Fila siete

El Goya inesperado

Dirán los lectores que ya es tarde para escribir sobre los premios Goya, pero nunca lo es para algo cuya trascendencia va más allá de la inmediatez de unos galardones que pueden ser mejor o peor aceptados, justos o injustos. No vamos a discutir ese asunto pero sí referirnos al primero de los premios, que en realidad fueron tres: la mejor película, el mejor director y el mejor actor revelación (por eso ahora se reestrena apresuradamente), La soledad (2007), para la gran mayoría inesperado. No tanto para quienes entre las películas nominadas la considerábamos la mejor. Algunos dicen que la Academia fue muy valiente al apoyar un tipo de cine que, siendo de una gran calidad, sigue teniéndoselas que ver con un público que no sólo es remiso a entrar en cierto tipo de películas sino que ha desertado de todo cuanto sea cine español.

El propio director, Jaime Rosales, que ya nos había sorprendido gratamente con su primera obra, Las horas del día (2003), reconocía ese rasgo de los miembros de la Academia, que podría interpretarse como un ejemplo a seguir frente a esa competencia atroz que nuestro cine mantiene con las producciones que nos llegan de Estados Unidos generalmente, lo que impide que algunas de las mejores realizaciones españolas encuentren salas suficientes para poder proyectarse en iguales condiciones que las procedentes de Hollywood. Es el caso de La soledad, que estrenada el pasado mes de junio, no fue vista por más de cuarenta mil espectadores, a pesar de que todas las críticas le fueron ampliamente favorables. Sólo esto pudo permitir que la publicidad del boca a boca, atrajera a más espectadores a las salas, aunque nunca tantos como los que merecía. La soledad, una acertada visión sobre la pérdida de la esperanza y la orfandad del ser humano, es un excelente ejemplo del cine de autor, particularmente reconocido por aquellos que saben valorar la obra personal de un director como Jaime Rosales situado en esa órbita de los creadores cuyas propuestas cinematográficas pueden considerarse "más radicales en su lenguaje, pero con una emoción muy fácil de conectar", como el mismo ha dicho. Según él: "Hay que contar lo que ocurre en este momento en nuestra civilización.
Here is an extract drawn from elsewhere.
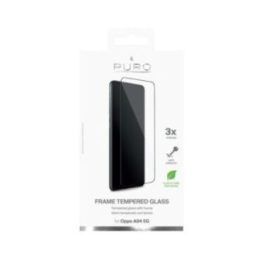 Apsauginis stiklas Puro Frame Oppo A94 5G, juodas rėmelis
Hay que poner el talento al servicio de los problemas de nuestro tiempo". Añadía, con mucha razón que "Los productos sensibles estimulan la inteligencia y los zafios la estupidez".

En una gala donde en función de una presunta diversión, a veces estrafalaria y soez, en la que algunos no dudan en aprovecharse de las circunstancias para mostrar sus fobias personales, y propenden al ridículo más impresentable con interminables dedicatorias de sus premios, La soledad, es una mirada a una perspectiva más coherente con lo que debe ser un cine de mayor entidad. Cuando todos tenían apostaban por El orfanato, que bastante ha tenido ya con su éxito taquillero, los premios a la película de Jaime Rosales, ponen un punto de reflexión en estos empeños más modestos de producción pero más elevados en su consideración estética. Algo que, con una audiencia de más elevados conceptos, podría frenar el influjo de esa poderosa maquinaria publicitaria de las grandes superproducciones norteamericanas agigantadas por la alienante inducción de los efectos especiales y otros alardes gratuitos.